Binary to Text Converter
Convert text to binary code or decode binary back to text instantly.
About the Tool
From characters to bits
Computers do not store letters - they store numbers, and those numbers are written in binary, a base-2 system using only 0 and 1. Every character you type maps to a numeric code point, and that code point is written out as a string of bits. Group the bits into bytes (eight bits each) and you have the binary representation that this converter produces and reads back.
ASCII and UTF-8
The original ASCII standard covers the English alphabet, digits and common punctuation in a single byte, with values from 0 to 127. Modern text uses UTF-8, which keeps those same single-byte values for ASCII characters but expands to two, three or four bytes for everything else - accented vowels, currency symbols and emoji. That is why a plain "A" becomes one byte while a character like "é" becomes two.
A worked example
Take the word "Hi". Each letter has an ASCII code, and each code is written as an eight-bit byte:
H = 72 = 01001000
i = 105 = 01101001
"Hi" = 01001000 01101001Each byte is shown with a space before the next, which is the convention this tool follows so the output stays readable rather than turning into one unbroken wall of digits.
Decoding the other way
To go from binary back to text, the converter splits the input into eight-bit chunks, reads each chunk as a number, and looks that number up in the character set.
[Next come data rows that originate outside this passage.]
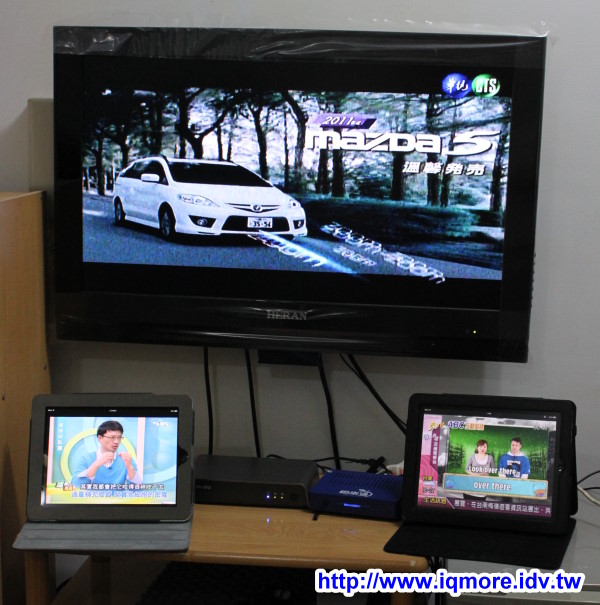 AVerMedia (圓剛) 多頻電視分享器 HomeFree Combo (F210) 評測，在家用iPad看第四台、數位電視 [影音評測] - 老貓測3C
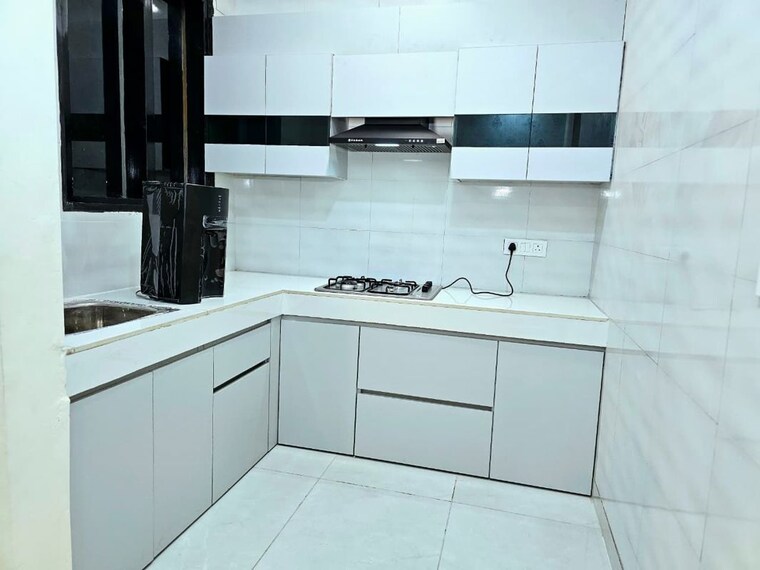 Kitchen, ansal-plaza-sector-23 1 Bedroom 600 Sq.Ft. Builder Floor In Sector 23 Gurgaon 10107826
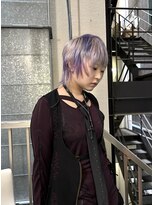 レコ 渋谷(LECO) ピンク×パープルのデザインウルフ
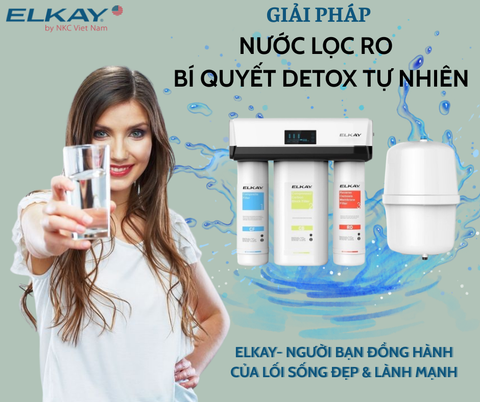Uống Nước Lọc Đúng Cách Có Thể Giúp Bạn... Đẹp Da Và Giảm Cân?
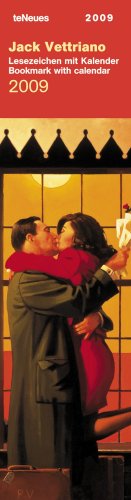 2009 Jack Vettriano Bookmark Calendar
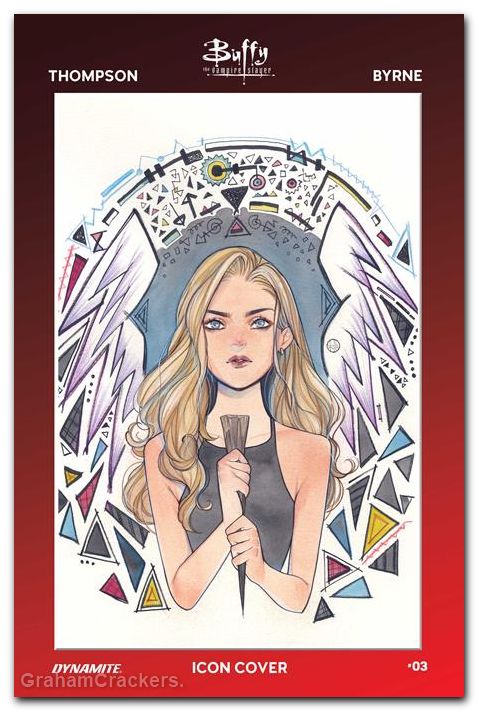 Buffy The Vampire Slayer #3 (2026) cover e momoko Icon variant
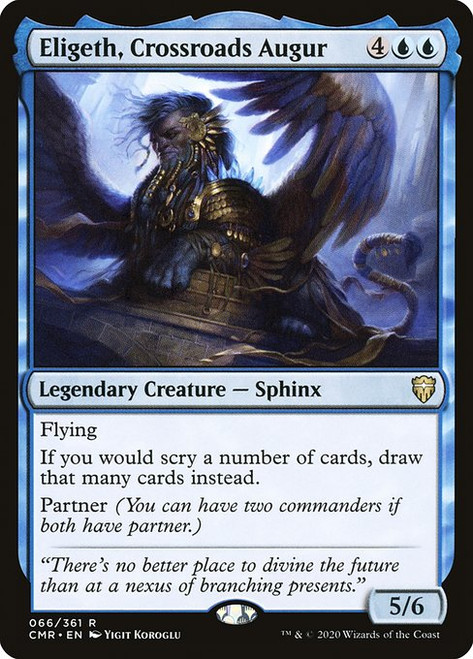 Eligeth, Crossroads Augur (CMR) (Foil) (#66)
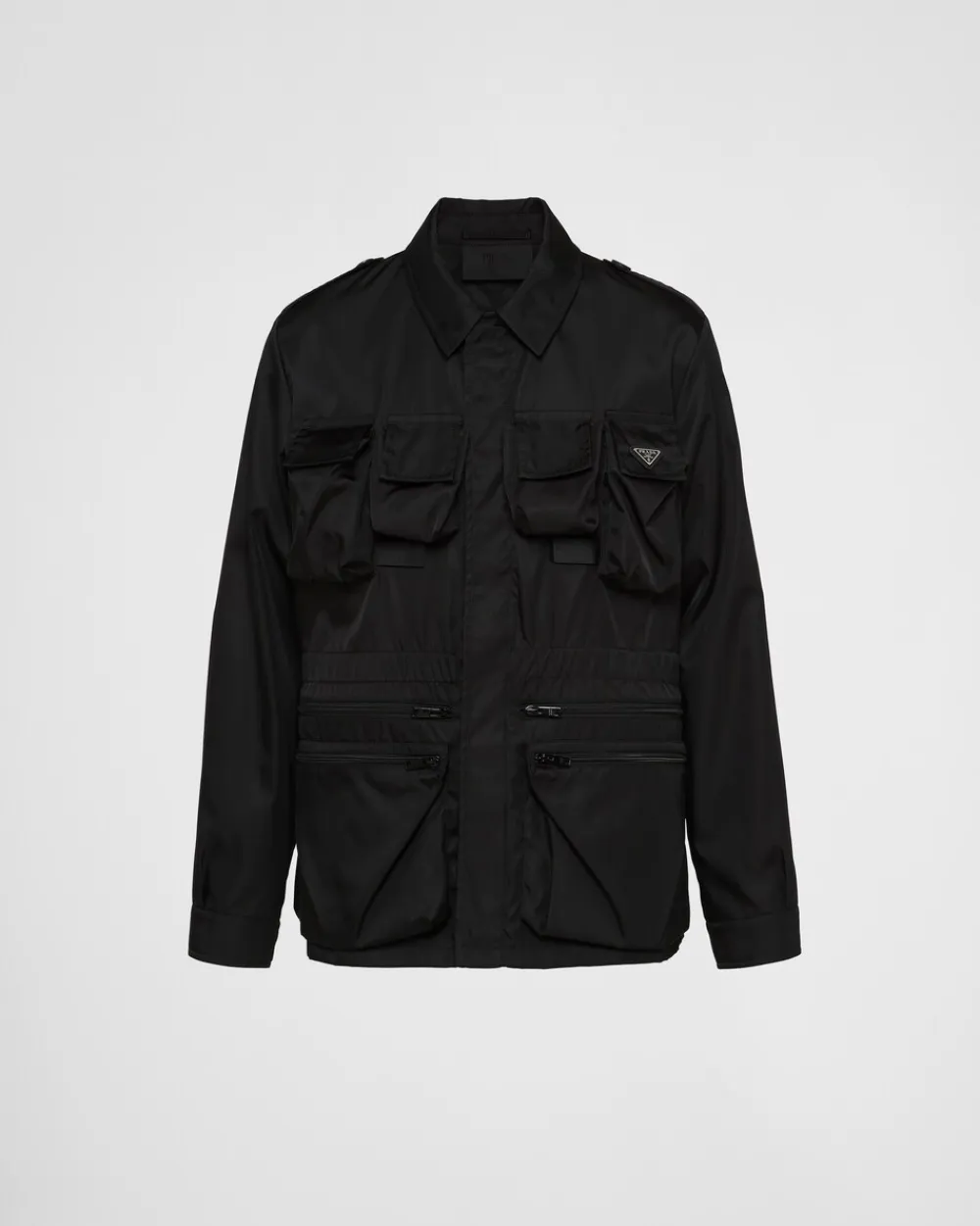 Hombre Prada COLECCIÓN MASCULINA|ROPA DE ABRIGO^Chaqueta Safari De Re-nylon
If your binary is not a clean multiple of eight bits the decode will fail, so keep your bytes spaced and complete when you paste them in.
Where it is genuinely useful
Beyond being a teaching aid for data-representation and computer-architecture courses, it is handy for sanity-checking encodings while debugging low-level protocols and embedded systems, or for solving capture-the-flag puzzles where a message has been hidden as a long binary string.